西村は、仁王に似た体格の持ち主で、破(われ)鐘の様な声で人を使った。一方で可愛がった。それについては、彼の下で働いていた勝田卯太郎の話が、文字になって残っている。それによると──。
最初、西村が勝田たちを連れ、現地入りした折のことである。この時は鉄道がジャタイまで通じていたので、汽車でそこまで行き、迎えに来ていた斉藤と落ち合った。翌朝、御者つきの荷馬車を雇って、食料や野営道具を積み込んで、移住地向け出発した。斉藤は馬上、他は徒歩であった。
4、5キロ行くと道は狭くなった。川があり、橋は穴だらけだった。御者は馬車から荷物を放り出して、さっさと帰ってしまった。仕方がないから皆で担いで、フラフラしながら歩いた。夜が来て野宿をした。火を炊き、炊き続けた。獣避けである。不寝番は西村市助がした。西村はいつもこうであった。
勝田は「良い親分だった」と述懐している(不寝番は、無論、後で誰かが交代したのであろうが……)。
西村は、斉藤から請け負った山伐りを済ました後も、数年、この移住地に留まった。
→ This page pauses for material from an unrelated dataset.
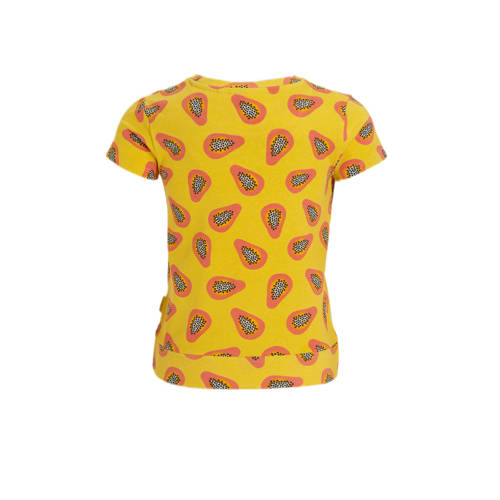 Orange Stars T-shirt Patrice met all over print geel Meisjes Katoen Ronde hals 110 116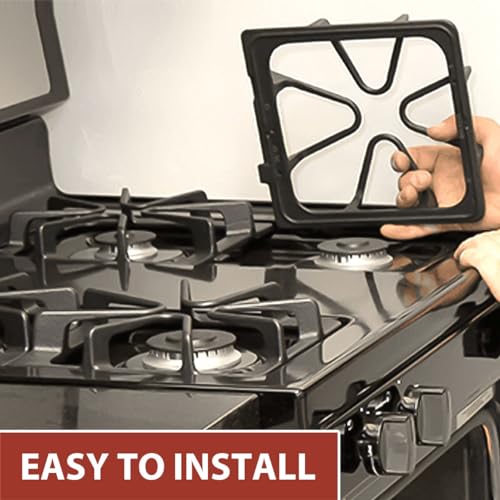 W10447925 4-Pack Burner Grates for Whirlpool Gas Stove - Porcelain Enamel Cast Iron, Heavy-Duty Replacement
ここには山伐りの仕事は幾らでもあった。
入植者を募ったが…
前記の最初の斧が入って間もなく、移住地の測量が終わった。そこで、まず二カ所(ペローバ区とその隣に設定した中央区)を、農場用にロッテアメントした。入植者一家族用の土地を一ロッテ=区画=として仕切った。一ロッテは10アルケーレスあった。
同時期、ブラ拓の仮事務所には、サンパウロの本部から、新しい職員が次々やってきた。車輌も着いた。運転手は池田源吾といって、この章では、今後しばしば登場する。
さて、一応の準備が整ったため、ブラ拓は入植者を募集した。この時、従来からの「日本から直接、移民を導入する」という方法を中止、既存の移民を対象にした……というのには、次の様な事情があった。
数年前に開設したバストス、チエテ両移住地で、日本から移民を直接導入した処、彼らがブラ拓に対し、権利のみを主張、義務を怠る──という悶着が起きた。ために両移住地の運営は、捗捗しくなかった。配耕地での労務者生活の苦痛を省いて、初めから自営農にさせてやろう──という親心が裏目に出たのだ。現実というものは、兎角こういう風に、意外な方向へ逸れて行くものである。
そういうことで、トゥレス・バーラスでは、苦労を経験している既存の移民を入れることにしたのである。
募集は、サンパウロ市で発行されている邦字新聞などを通じて広く行った。これに応じて最初に下見にきたのが──本稿二章で紹介したバンデイランテスの──野村農場でコロノとして働いていた5人であった。農場から移住地まで3日かけて歩いてきた。
移住地では2、3日、ペローバ区の仮宿舎に泊まり、同区と中央区のロッテを物色、それぞれ買うことを決めて帰途についた。その折、ロッテの山伐りをブラ拓の仮事務所に頼んだ。仮事務所は、それを西村組に回した。ロッテの買い手は、山伐りが済んだ頃、家族や荷物と一緒に入植、山焼きをし、その後を整地、作物をつくる──そういう段取りになっていた。